INGULFED
(Notes for the Abu Dhabi Bar Mitzvah)Archive for fujairah
مطب — Bump
A cross-country trip in the United Arab Emirates is never very difficult. From Abu Dhabi to the Saudi Arabian border, no longer than four hours; it is no longer distance from the city’s warm insulated nook in the Gulf to the other side of the Emirati promontory where waters are cleared and cooled by the Arabian sea. Roads are wide, fast, straight — I could make no more than four turns and be through the low mountains to Fujairah, supine by the sea with a snorkel and a bottle of rum. It would be so easy.
It was sometimes a struggle navigating the HMS Matsuflex through the stream of white Land Cruisers racing past. A favorite local driving technique is to charge drivers ahead flashing high beams (day or night) to make them move: Give me passage or give me death. I shant change lanes. It must seem so convenient to drivers in their hulking SUVs to have a stick to the left of the steering wheel that simply makes traffic move. If you don’t take notice quick enough, if it isn’t nighttime and you haven’t been blinded by lasers in your rearview mirror, you’re finished.
Although a ’92 Benz won’t be the fastest in any Emirati fleet, it was easy to go the 120 kph speed limit (75 mph) without trouble (conspicuous radar detectors issue instant $200 fines at 140), but that wasn’t good enough. In the right lane, trucks inched along out of everyone’s way, in the center traffic still moved too slowly, and in the left lane, we were prey to assholes. On the high seas of the Sheikh Zayed Highway, we were in constant struggle.
After only an hour, the car seemed to be wheezing. She would reach a top speed and then jerk suddenly slower, as if struggling to change gears. The radio would turn off. The ship had become a horse — in short bursts with my coaxing she stayed speedy, but only for moments.
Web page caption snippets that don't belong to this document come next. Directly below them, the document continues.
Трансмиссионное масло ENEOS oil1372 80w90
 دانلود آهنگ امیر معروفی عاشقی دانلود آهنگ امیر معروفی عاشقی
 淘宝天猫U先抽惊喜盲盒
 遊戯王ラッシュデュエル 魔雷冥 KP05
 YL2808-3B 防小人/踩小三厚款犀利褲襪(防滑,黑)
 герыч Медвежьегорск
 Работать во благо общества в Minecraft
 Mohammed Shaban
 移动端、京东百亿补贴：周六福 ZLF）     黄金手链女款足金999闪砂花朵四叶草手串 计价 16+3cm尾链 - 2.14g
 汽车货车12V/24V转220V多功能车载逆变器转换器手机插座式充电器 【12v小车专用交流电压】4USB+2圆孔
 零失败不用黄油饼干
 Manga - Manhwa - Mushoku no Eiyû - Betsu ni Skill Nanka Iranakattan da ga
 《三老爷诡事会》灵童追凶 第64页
We pulled into a highway gas station and turned off the engine. The battery died.
One jumpstart later, we were soon on the Dubai-Hatta road, following signs for “Eastern Regions,” and heading deadly straight toward the Fujairah coast. The wheezing seemed to have abated, and golden sand dunes sprung up along the roadside, red-orange from beneath my sunglasses. My god, the desert is actually pretty.
And that’s when I smashed into the back of another car.